Income tax expense for the six months ended June 30, 2014 and 2013 has been computed using estimated annual effective tax rates. These rates are revised, if necessary, at the end of each successive interim period to reflect current estimates of the annual effective tax rates.

For the six months ended June 30, 2014, the tax provision is comprised of a $24.7 million U.S. federal income tax expense and a  $17.9 million foreign income tax expense. For the six months ended June 30, 2013, the tax provision was comprised of a $17.6 million U.S. federal income tax expense and a  $17.7 million foreign income tax expense. Income tax expense for the six months ended June 30, 2014 included a benefit of $4.4 million related to foreign exchange losses that will be deductible on the Company’s 2013 U.S. tax return. This permanent tax item is not otherwise recognized in the Company’s U.S. GAAP financial statements.

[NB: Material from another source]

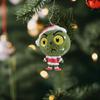 Character!  Style Ornament, Transforming Your Christmas Tree Into A Joyful Party Scene In An Instant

Although most of the Company’s non–U.S. income is subject to U.S. federal income tax, certain of its non–U.S. income is not subject to U.S. federal income tax until repatriated. Foreign taxes on this non–U.S. income are accrued at the local foreign tax rate, as opposed to the higher U.S. statutory rate, since these earnings currently are expected to be indefinitely reinvested overseas. This assumption could change as a result of a sale of the subsidiaries, the receipt of dividends from the subsidiaries, a change in management’s intentions, or as a result of various other events. The Company has not made a provision for U.S. taxes on $5.6 million and $10.3 million of non-U.S. income for the six months ended June 30, 2014 and 2013, respectively. However, in the future, if such earnings were distributed to the Company, taxes of $14.9 million would be payable on such undistributed earnings and would be reflected in the tax provision for the year in which these earnings are no longer intended to be indefinitely reinvested overseas, assuming all foreign tax credits are realized.

In May 2014, the Company reached a final settlement with the IRS for years 2007 and 2008, related to the disallowance of deductions for certain loss reserves. As a result, a liability for uncertain tax positions was established for $4.8 million, with an offsetting deferred tax asset. The IRS audits of the years 2009 and 2010 commenced in June 2012 and final settlement was reached in May 2014 with no additional tax liability.

The Company or its subsidiaries files income tax returns in the U.S. federal jurisdiction and various state jurisdictions, as well as foreign jurisdictions. With few exceptions, the Company and its subsidiaries are no longer subject to U.S. federal income tax examinations by tax authorities for years before 2011. The Company and its subsidiaries are still subject to U.S. state income tax examinations by tax authorities for years after 2006 and foreign examinations for years after 2011.